Output the data below only from the line containing "Funny Mongo Is" up to and including the line containing "Alte Frau mit", exact and with the pictures left out.

+++

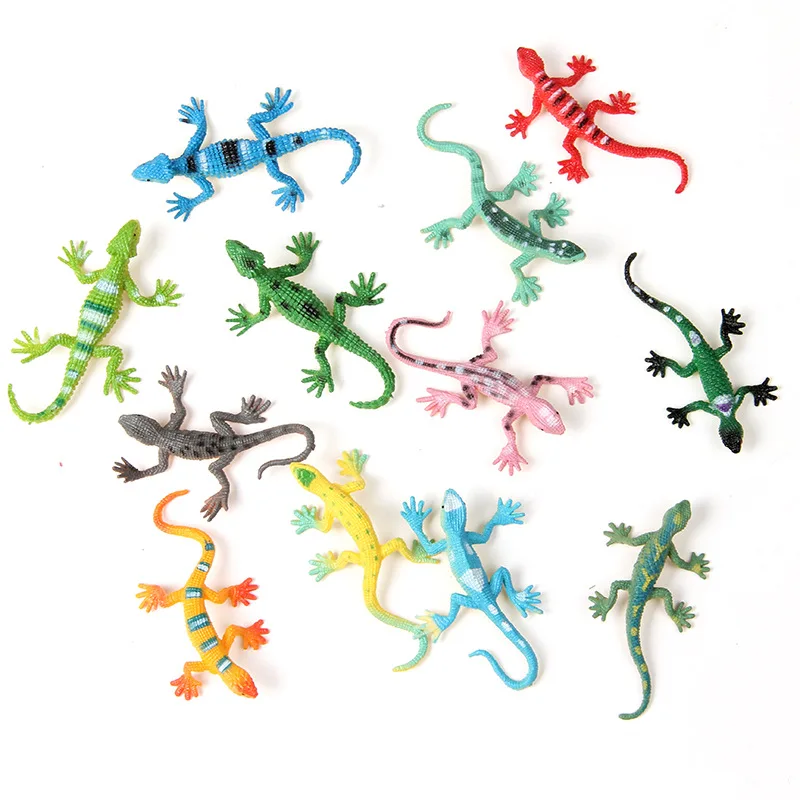 12PCS Assorted Colorful Fake Lizards Action Figure for Reptile Party Simulation PVC Toy Lizards model toys For Kids Collection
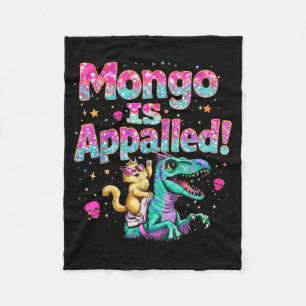 Funny Mongo Is Appalled Princess Cat Riding Dinosa Fleece Blanket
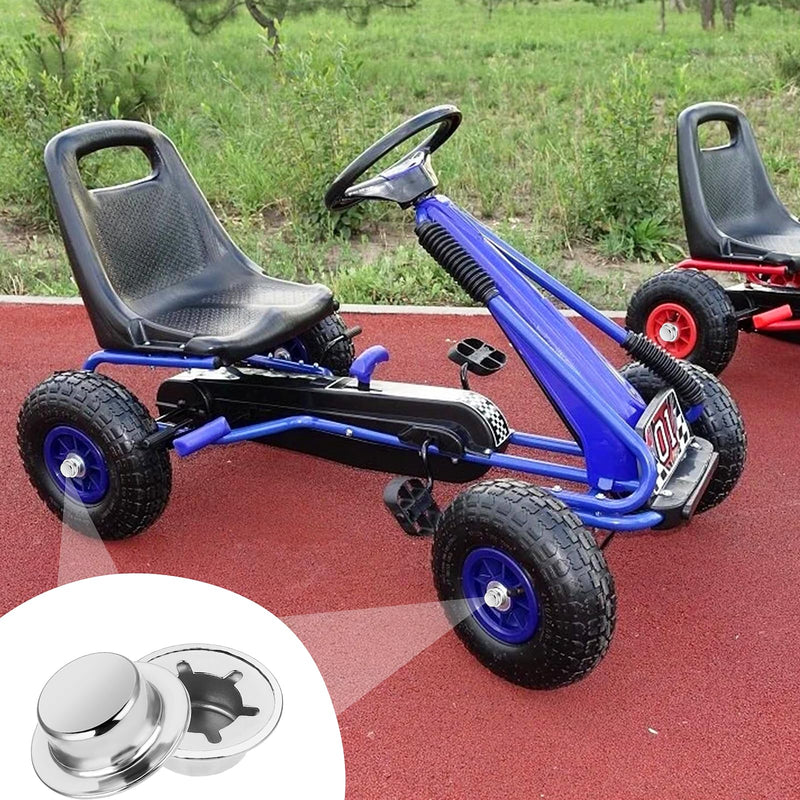 [Australia - AusPower] - 1/2 Push Nut Axle Cap, 6 Pack Push on Pushnut Cap Spring Steel Permanent Washer Caps with Mechanical Zinc Plating for Hand Trucks, Rolling Bins and Lawn Push Wagons Alternative for Cotter Pins 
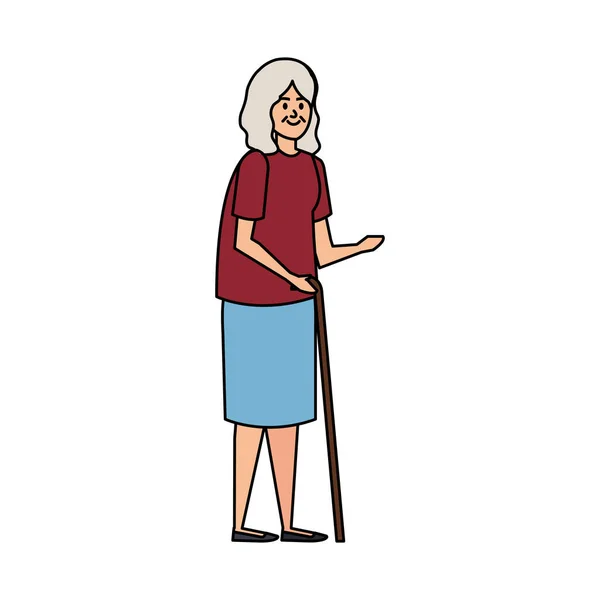 Alte Frau mit Rohrstock-Charakter — Stockvektor
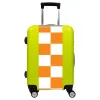 orange checkerboard suitcase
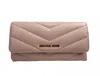 Michael Kors Jet Set Travel Large Quilted Leather Trifold Wallet In Powder Blush In Multi
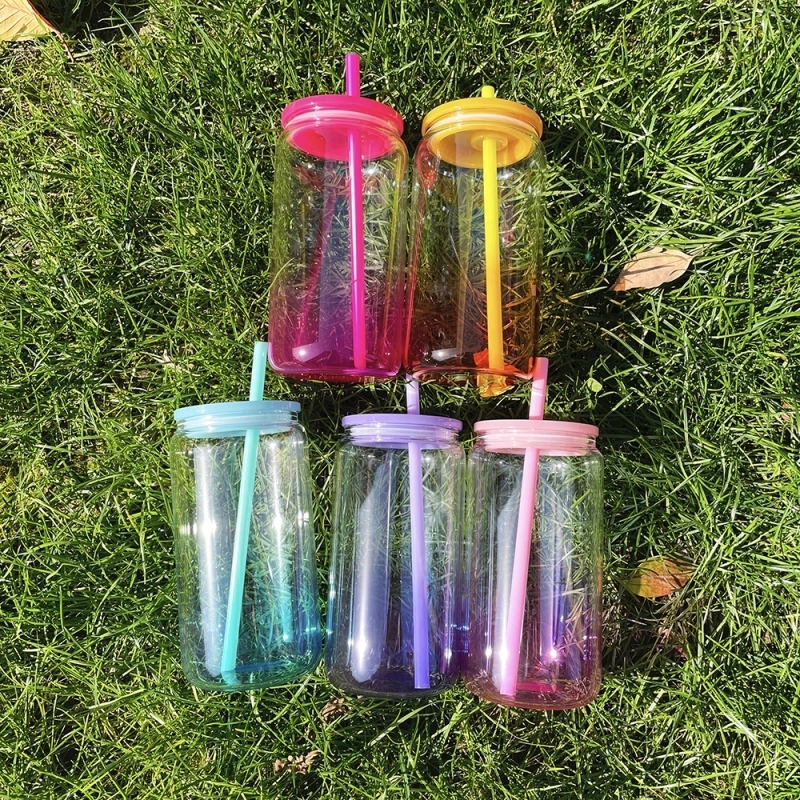 25 Pack 50 Pack USA Warehouse Sublimation 16oz Ombre Jelly Glass Can With Plastic Lids
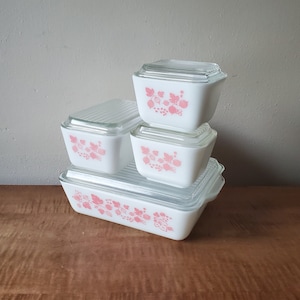Vintage Complete Pink Gooseberry Refrigerator Dish Set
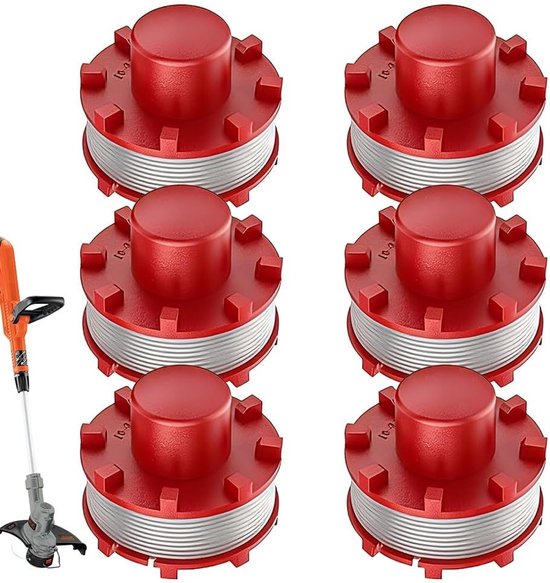 Set van 6 Vervangende Draadspoelen voor Grastrimmer, Geschikt voor 2 mm Draad, Tuinaccessoires, Draadspoel voor Gras en Onkruid, Hoogwaardige Kwaliteit, Handmatig Aangedreven van Merkloos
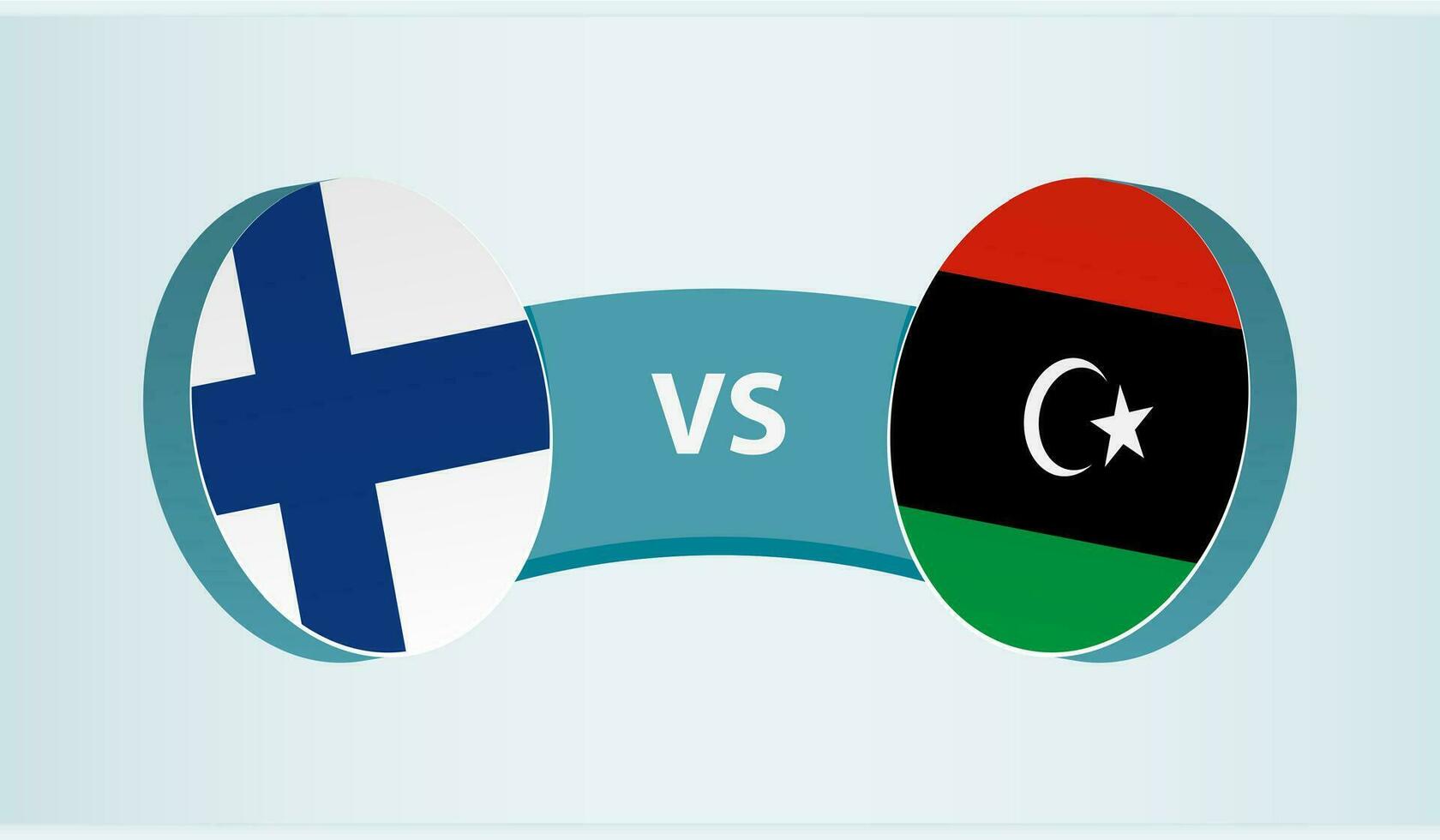 Finlandia contro Libia, squadra gli sport concorrenza concetto. vettore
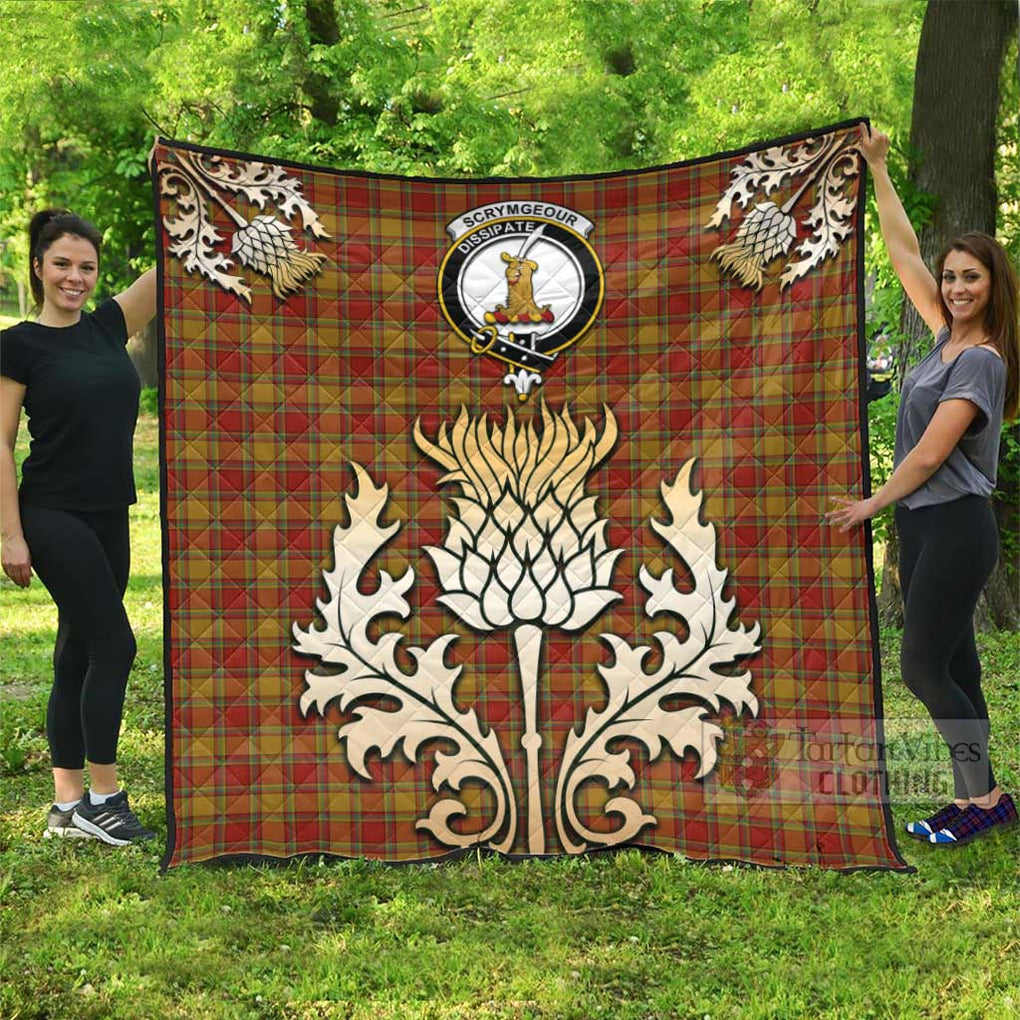 Tartan Vibes Clothing Scrymgeour Tartan Quilt with Family Crest and Golden Thistle Style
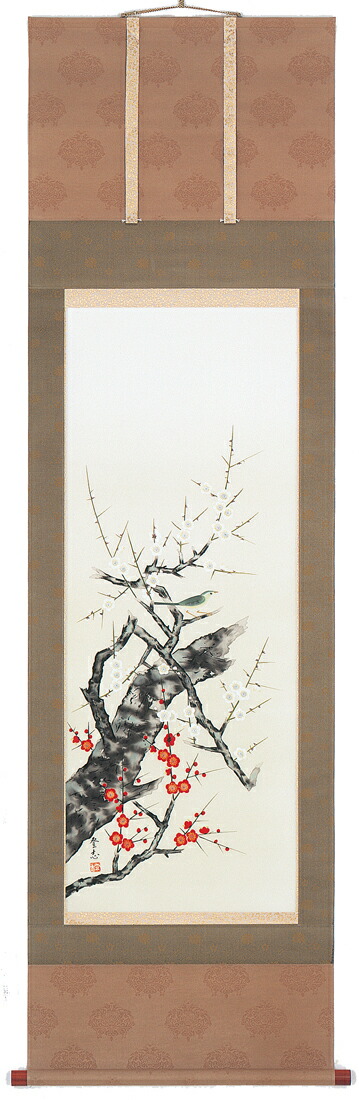 楽天市場】掛け軸／掛軸／かけじく【花鳥画】紅白梅に鶯（北山
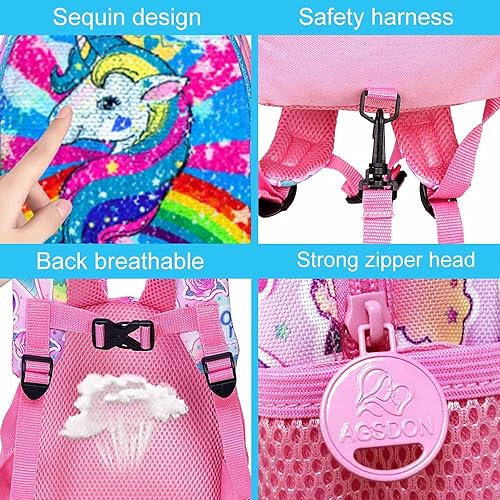 Miniatura 7 de AGSDON Mochila para niños pequeños con correa, correas de seguridad para bebés de 9.5 pulgadas, con correa extraíble, sirena, unicornio, dinosaurio,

+++

## Response for this exercise:
 Funny Mongo Is Appalled Princess Cat Riding Dinosa Fleece Blanket
 [Australia - AusPower] - 1/2 Push Nut Axle Cap, 6 Pack Push on Pushnut Cap Spring Steel Permanent Washer Caps with Mechanical Zinc Plating for Hand Trucks, Rolling Bins and Lawn Push Wagons Alternative for Cotter Pins 
 Alte Frau mit Rohrstock-Charakter — Stockvektor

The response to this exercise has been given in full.